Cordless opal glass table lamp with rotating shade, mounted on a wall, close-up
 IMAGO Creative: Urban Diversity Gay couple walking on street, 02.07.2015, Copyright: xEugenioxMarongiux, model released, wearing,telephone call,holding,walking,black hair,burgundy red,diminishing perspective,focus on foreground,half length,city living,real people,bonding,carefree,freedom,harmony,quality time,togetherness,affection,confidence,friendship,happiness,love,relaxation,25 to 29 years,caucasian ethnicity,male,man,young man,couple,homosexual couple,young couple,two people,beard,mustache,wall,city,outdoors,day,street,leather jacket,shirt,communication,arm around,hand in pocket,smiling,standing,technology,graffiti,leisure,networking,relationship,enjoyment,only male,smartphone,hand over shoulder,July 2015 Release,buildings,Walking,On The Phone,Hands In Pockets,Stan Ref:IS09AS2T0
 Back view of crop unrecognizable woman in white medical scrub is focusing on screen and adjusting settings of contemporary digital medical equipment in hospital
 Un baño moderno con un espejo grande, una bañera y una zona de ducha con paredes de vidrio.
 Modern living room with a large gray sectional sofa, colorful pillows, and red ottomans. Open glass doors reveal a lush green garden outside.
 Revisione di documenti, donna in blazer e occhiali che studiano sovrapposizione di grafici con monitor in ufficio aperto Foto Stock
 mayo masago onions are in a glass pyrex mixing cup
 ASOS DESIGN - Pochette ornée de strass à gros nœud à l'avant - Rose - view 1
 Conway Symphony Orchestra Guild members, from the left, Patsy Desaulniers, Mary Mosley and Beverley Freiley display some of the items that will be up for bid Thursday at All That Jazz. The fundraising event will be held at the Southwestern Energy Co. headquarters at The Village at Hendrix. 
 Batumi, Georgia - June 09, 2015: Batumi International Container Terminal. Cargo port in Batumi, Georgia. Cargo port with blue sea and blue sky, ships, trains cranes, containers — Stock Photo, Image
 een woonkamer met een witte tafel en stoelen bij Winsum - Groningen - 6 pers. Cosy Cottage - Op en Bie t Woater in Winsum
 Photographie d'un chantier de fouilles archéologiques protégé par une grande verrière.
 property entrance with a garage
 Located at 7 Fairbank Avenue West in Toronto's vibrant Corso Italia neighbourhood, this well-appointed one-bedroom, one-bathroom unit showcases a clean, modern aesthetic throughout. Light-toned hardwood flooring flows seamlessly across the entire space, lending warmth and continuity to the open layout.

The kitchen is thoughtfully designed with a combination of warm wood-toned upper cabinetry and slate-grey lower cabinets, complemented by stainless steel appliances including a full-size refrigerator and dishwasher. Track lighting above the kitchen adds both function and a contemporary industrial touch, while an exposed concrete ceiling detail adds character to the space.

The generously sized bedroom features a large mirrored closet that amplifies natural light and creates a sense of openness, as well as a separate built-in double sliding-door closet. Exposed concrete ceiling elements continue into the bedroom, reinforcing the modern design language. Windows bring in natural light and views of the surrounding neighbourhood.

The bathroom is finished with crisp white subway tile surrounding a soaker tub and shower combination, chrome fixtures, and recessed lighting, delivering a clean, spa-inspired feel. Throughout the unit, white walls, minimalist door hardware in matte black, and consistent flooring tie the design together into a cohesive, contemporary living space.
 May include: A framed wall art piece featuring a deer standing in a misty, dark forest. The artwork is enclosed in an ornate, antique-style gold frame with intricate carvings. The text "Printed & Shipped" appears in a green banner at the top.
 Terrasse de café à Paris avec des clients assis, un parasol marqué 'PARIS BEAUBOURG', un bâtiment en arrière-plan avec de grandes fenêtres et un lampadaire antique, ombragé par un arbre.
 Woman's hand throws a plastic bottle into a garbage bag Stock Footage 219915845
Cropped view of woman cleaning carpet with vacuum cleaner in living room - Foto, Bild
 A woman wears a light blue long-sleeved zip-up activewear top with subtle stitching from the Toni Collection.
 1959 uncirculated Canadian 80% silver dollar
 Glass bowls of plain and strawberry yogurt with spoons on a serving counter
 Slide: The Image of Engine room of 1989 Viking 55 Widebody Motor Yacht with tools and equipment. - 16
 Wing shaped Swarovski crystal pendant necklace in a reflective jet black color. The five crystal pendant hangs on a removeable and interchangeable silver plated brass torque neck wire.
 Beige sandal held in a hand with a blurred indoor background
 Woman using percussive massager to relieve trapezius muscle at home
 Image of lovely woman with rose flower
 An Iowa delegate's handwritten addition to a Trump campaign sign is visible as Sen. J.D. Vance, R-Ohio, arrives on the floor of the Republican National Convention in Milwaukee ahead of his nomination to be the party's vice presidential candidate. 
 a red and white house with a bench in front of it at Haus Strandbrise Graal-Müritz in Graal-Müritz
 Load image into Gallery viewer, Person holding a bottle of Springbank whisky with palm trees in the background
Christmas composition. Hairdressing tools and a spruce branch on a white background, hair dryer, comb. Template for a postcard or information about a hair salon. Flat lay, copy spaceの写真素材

### Task objective
Among the lines above, find those with the string "blue" and copy them.

### Response to the task
 Batumi, Georgia - June 09, 2015: Batumi International Container Terminal. Cargo port in Batumi, Georgia. Cargo port with blue sea and blue sky, ships, trains cranes, containers — Stock Photo, Image
 A woman wears a light blue long-sleeved zip-up activewear top with subtle stitching from the Toni Collection.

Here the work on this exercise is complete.